What this task involves >> In the entries below, find the line with "piloto de hombre" and the line with "Душова система на", then retype both and everything between them exactly. Do not copy the pictures.

Data under study >>
********
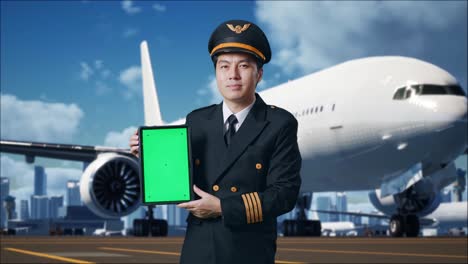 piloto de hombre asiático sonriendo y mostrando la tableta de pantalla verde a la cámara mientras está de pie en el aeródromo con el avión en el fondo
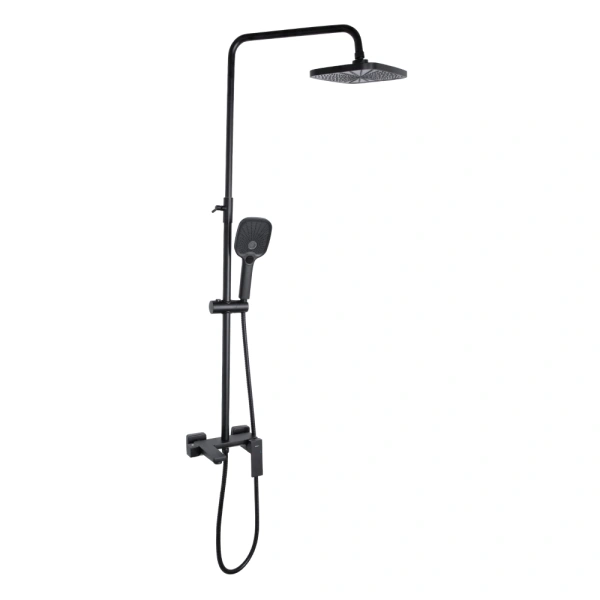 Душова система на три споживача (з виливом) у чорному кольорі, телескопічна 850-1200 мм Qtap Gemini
********
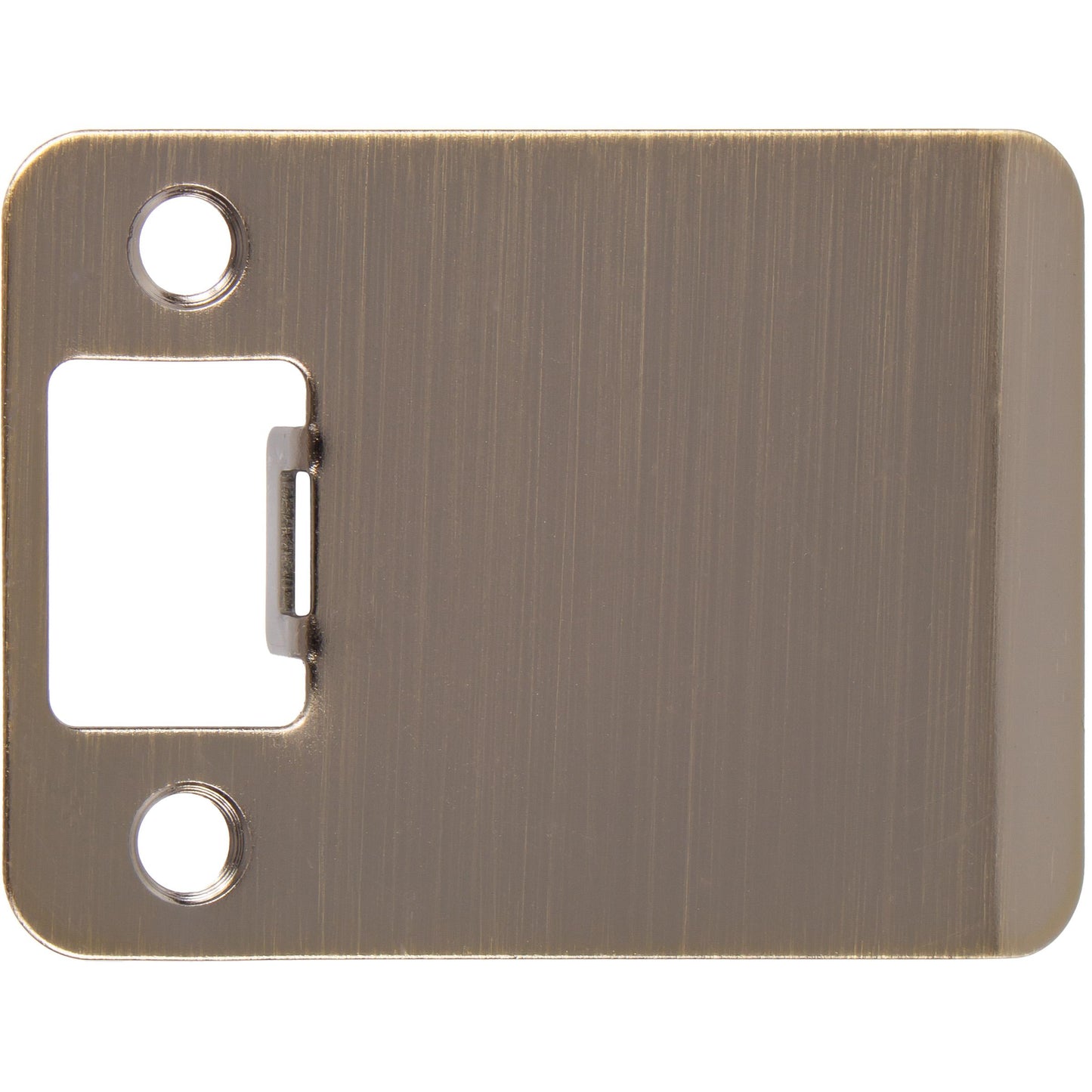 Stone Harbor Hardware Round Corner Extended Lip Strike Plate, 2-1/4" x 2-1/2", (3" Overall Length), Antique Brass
********
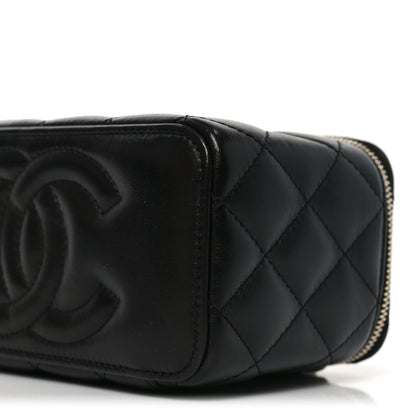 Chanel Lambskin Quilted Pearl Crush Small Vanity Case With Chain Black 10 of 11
********
Task result >>
 piloto de hombre asiático sonriendo y mostrando la tableta de pantalla verde a la cámara mientras está de pie en el aeródromo con el avión en el fondo
 Душова система на три споживача (з виливом) у чорному кольорі, телескопічна 850-1200 мм Qtap Gemini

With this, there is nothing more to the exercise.